CONCEPT Cited by 2 sources
Feature store¶
Definition¶
A feature store is the class of ML-infrastructure systems that manage and deliver feature data — the numerical/categorical signals a model consumes at both training time and inference time — as a first-class shared substrate across teams.
Concretely a feature store typically provides:
- Feature definitions — a declarative spec for each feature (name, type, source, transformation, freshness SLO).
- Offline store — historical values for training (often cheap object storage + a table format).
- Online store — low-latency lookup at inference time (often a KV store like DynamoDB, Redis, or a DynamoDB-compatible internal store like Dynovault).
- Ingestion — batch + streaming + direct-write pipes from source systems into both stores.
- Serving API — runtime interface model-serving code calls to fetch features for a request.
Why feature stores exist as a separate thing¶
Models don't ship one feature at a time.

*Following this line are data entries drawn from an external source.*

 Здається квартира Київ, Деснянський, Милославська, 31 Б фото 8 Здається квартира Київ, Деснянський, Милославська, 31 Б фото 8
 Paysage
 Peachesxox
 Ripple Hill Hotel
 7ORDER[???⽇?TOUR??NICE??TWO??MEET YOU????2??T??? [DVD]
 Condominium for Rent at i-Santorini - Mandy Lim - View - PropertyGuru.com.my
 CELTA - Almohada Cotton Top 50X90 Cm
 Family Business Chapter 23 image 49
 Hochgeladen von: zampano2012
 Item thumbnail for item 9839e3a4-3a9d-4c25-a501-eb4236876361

A ranker typically wants dozens of features per candidate × hundreds of candidates per query — thousands of lookups. Having every ML team build their own ingestion, store, and serving gets expensive and inconsistent fast. A shared feature store:
- Decouples feature engineering from model serving — ML engineers write transformations; serving infrastructure is abstracted away.

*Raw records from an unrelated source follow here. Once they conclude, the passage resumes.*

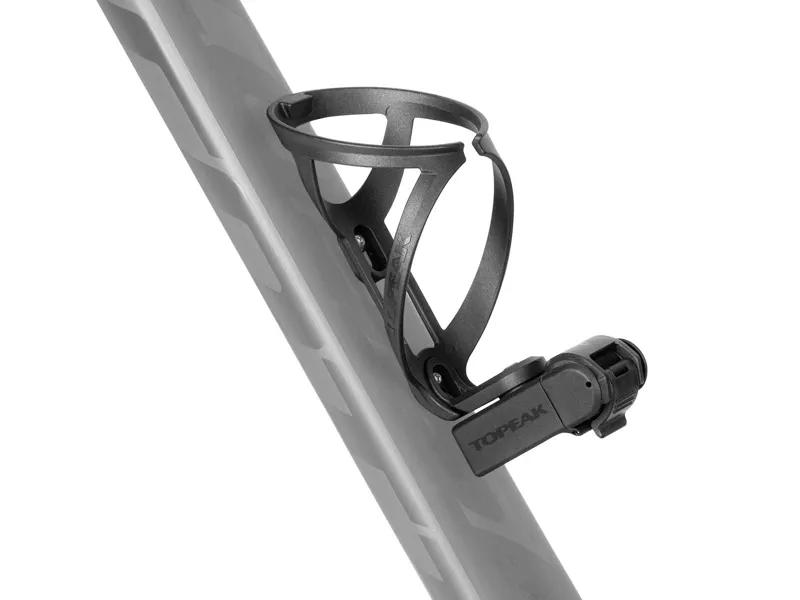 Topeak Ninja Master+ Toolbox T16 -1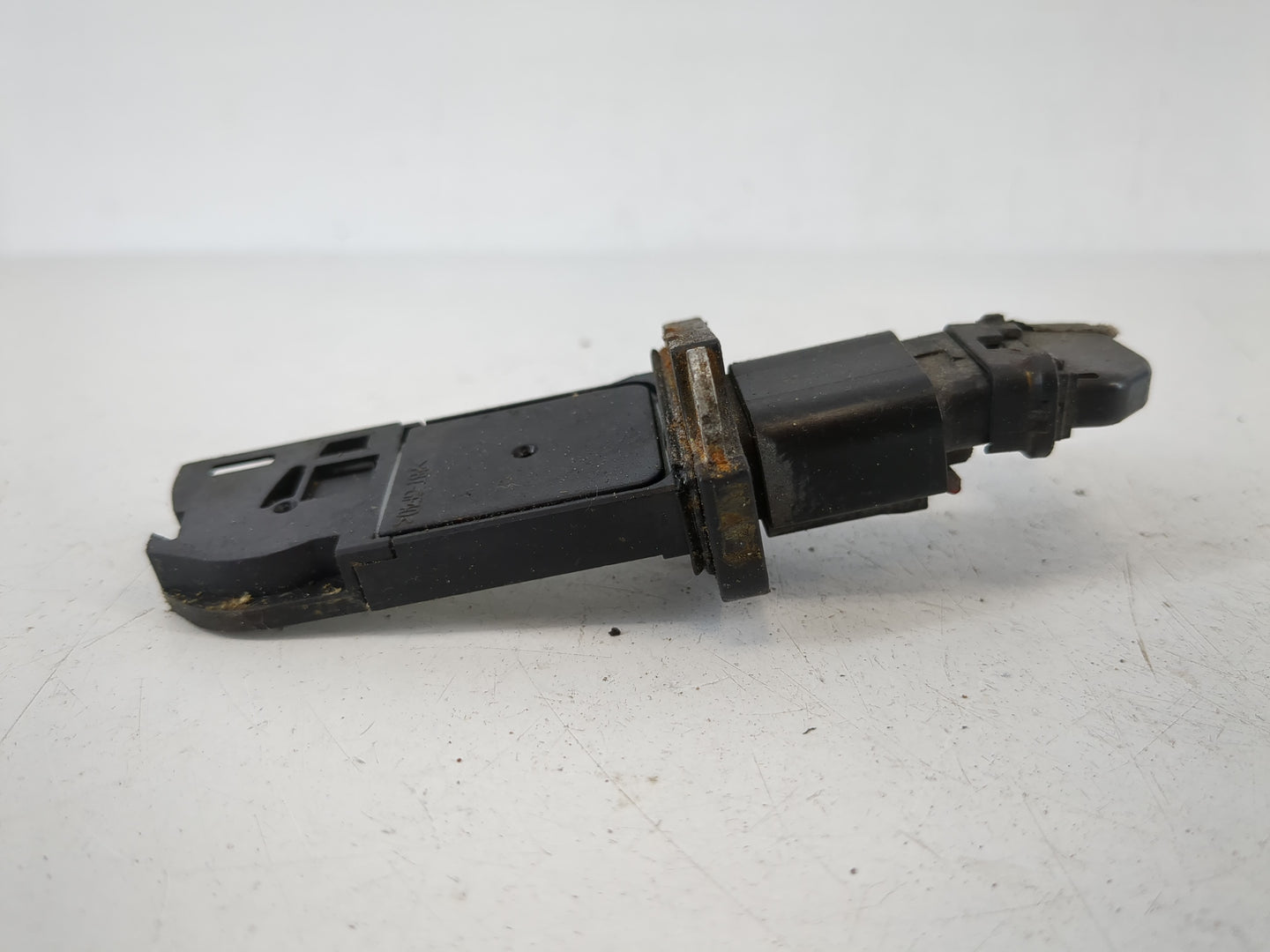 2010-2020 Ford F-150 Mass Air Flow Meter Maf - Oemusedautoparts1.com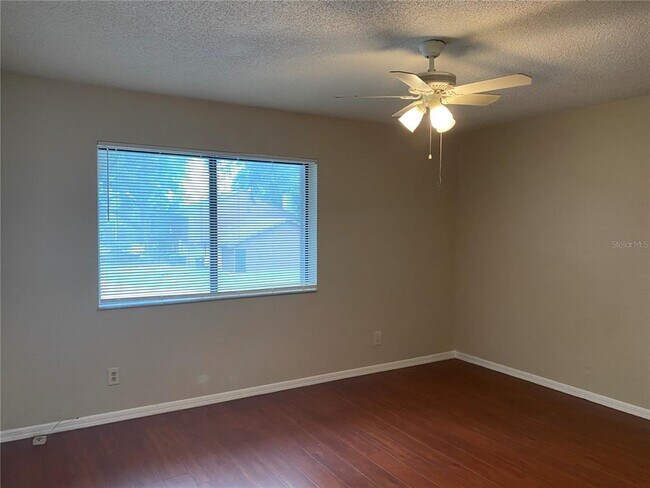 Building Photo - 6763 Magnolia Pointe Cir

- Keeps training and serving on the same feature values — the canonical failure mode without a feature store is training/serving skew (a feature computed one way at training time and a slightly different way at serving time). Shared definitions + offline/online stores that share a lineage fix this; adjacent to concepts/training-serving-boundary but not the same axis — this is feature-data consistency, not compute- fleet unification.

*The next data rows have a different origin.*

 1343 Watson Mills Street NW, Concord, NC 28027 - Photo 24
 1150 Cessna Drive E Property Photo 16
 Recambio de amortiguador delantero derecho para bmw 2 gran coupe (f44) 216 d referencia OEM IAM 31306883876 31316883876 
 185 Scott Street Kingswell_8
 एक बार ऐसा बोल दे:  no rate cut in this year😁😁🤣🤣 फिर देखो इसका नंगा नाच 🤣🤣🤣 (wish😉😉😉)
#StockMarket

- Amortizes ingestion across many models — one pipeline feeds the features; N models consume.
Landscape¶
Named in the Dropbox post as evaluated options:
- Feast — open-source.
- Hopsworks — open-source with managed offering.
- Featureform — open-source.
- Feathr — open-source (LinkedIn origin).
- Databricks Feature Store — platform-native.
- Tecton — commercial.
Dropbox chose Feast for its clean definitions/infra separation and adapter ecosystem, then layered their own serving tier (Go + Dynovault) behind it — a common pattern for large orgs whose on-prem or bespoke infrastructure doesn't match any vendor's shape. (Source: sources/2025-12-18-dropbox-feature-store-powering-real-time-ai-dash)
Load-bearing design axes¶
When evaluating or building a feature store, the knobs that dominate:
- Latency budget — sub-100ms is typical for ranking; sub-10ms is aggressive but occasionally needed for search autocomplete.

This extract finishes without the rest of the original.